3. Purpose of Travel Distribution
Code
library(plotly)
td=ggplot(europe_dem,aes(purpose_of_travel,fill=type_of_travel))+
geom_bar(position = "dodge",stat="count")+theme_bw() +
labs(fill="Type of Travel",title = "Purpose of Travel Distribution",
y="Frequency",x="Purpose of Travel")+
ggthemes::theme_economist(base_size = 5)+
labs(caption = "@Data Insights 2024")
include_graphics("td.png")
Most customers travel as a group rather than individually.
Customers who travel for the purpose of tourism they travel as a group dominating other purposes of travel.
4. Type of Booking Distribution
Code
Type of booking | Frequency |
---|---|
Group bookings | 49665 |
Individual/Couple | 46745 |
Not defined | 7494 |
- Most bookings in this hotel are group bookings
5. Satisfaction Distribution
Code
Satisfaction | Frequency |
---|---|
neutral or dissatisfied | 58879 |
satisfied | 45025 |
- Most customers are dissatisfied or neutral with the facilities of the hotel
6 Further Analysis
1. Services influencing customer satisfaction
Code
library(likert)
hws=as.factor(europe_num$hotel_wifi_service)
dac=as.factor(europe_num$departure_arrival_convenience)
eoob=as.factor(europe_num$ease_of_online_booking)
hl=as.factor(europe_num$hotel_location)
fad=as.factor(europe_num$food_and_drink)
sc=as.factor(europe_num$stay_comfort)
cre=as.factor(europe_num$common_room_entertainment)
ccs=as.factor(europe_num$checkin_checkout_service)
os=as.factor(europe_num$other_service)
c=as.factor(europe_num$cleanliness)
new_lik=data.frame(hotel_wifi_Service=hws,
departure_arrival_convinience=dac,
ease_of_online_booking=eoob,
hotel_location=hl,
food_and_drink=fad,
stay_comfort=sc,
common_room_entertainment=cre,
checkin_checkout_service=ccs,
other_service=os,
cleanliness=c)
lik=likert(new_lik)
invisible(likert.bar.plot(lik)+theme(legend.position = "bottom")+
theme_bw(base_size = 10)+
labs(title = "Respondents Distribution",
subtitle="0=not applicable,1=very dissatisfied,2=dissatisfied,3=neutral,4=satisfied,5=very satisfied",
caption = "@Data Insights 2024"))
include_graphics("likert.png")
Customers are satisfied with the following services:
other services, check-in check-out service, stay comfort, cleanliness and common room entertainment
Customers are neither dissatisfied or satisfied with the following services:
food and drink, hotel location, departure or arrival convenience, hotel WiFi and ease of online booking
Suggestion: The management of the hotel should enhance the following services ,food and drink, hotel location, departure or arrival convenience, hotel WiFi and ease of online booking in order to increase customer satisfaction and loyalty.
7 Predictive Modelling
Application of Ordinal Logistic Regression
NB. Ordinal logistic regression requires three levels of factors on the response variable and this dataset has two levels of satisfaction on the response variable hence application of binary logistic regression
2. Relationship between predictor variables and dependent variable
Code
Call:
glm(formula = satisfaction ~ ., data = europe_model)
Coefficients:
Estimate Std.
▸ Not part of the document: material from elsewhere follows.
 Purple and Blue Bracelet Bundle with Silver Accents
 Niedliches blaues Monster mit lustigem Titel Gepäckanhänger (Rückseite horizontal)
Error t value Pr(>|t|)
(Intercept) -0.444257 0.006781 -65.519 < 2e-16 ***
hotel_wifi_service 0.079337 0.001450 54.709 < 2e-16 ***
departure_arrival_convenience -0.056248 0.001007 -55.868 < 2e-16 ***
ease_of_online_booking 0.032373 0.001448 22.358 < 2e-16 ***
hotel_location -0.012301 0.001206 -10.204 < 2e-16 ***
food_and_drink -0.038266 0.001410 -27.147 < 2e-16 ***
stay_comfort 0.072424 0.001432 50.583 < 2e-16 ***
common_room_entertainment 0.082391 0.001743 47.266 < 2e-16 ***
checkin_checkout_service 0.062746 0.001097 57.184 < 2e-16 ***
other_service 0.038369 0.001355 28.325 < 2e-16 ***
cleanliness 0.009213 0.001644 5.605 2.09e-08 ***
---
Signif. codes: 0 '***' 0.001 '**' 0.01 '*' 0.05 '.' 0.1 ' ' 1
(Dispersion parameter for gaussian family taken to be 0.1751888)
Null deviance: 25514 on 103903 degrees of freedom
Residual deviance: 18201 on 103893 degrees of freedom
AIC: 113890
Number of Fisher Scoring iterations: 2
All predictor variables are significant and most of them have a positive relationship with the satisfaction level of customers.
The estimate of 0.07937 for the “hotel wifi service” predictor in the binary logistic regression output indicates the change in the log odds of customers being satisfied for a one unit increase in the quality or availability of hotel wifi service, holding all other variables constant.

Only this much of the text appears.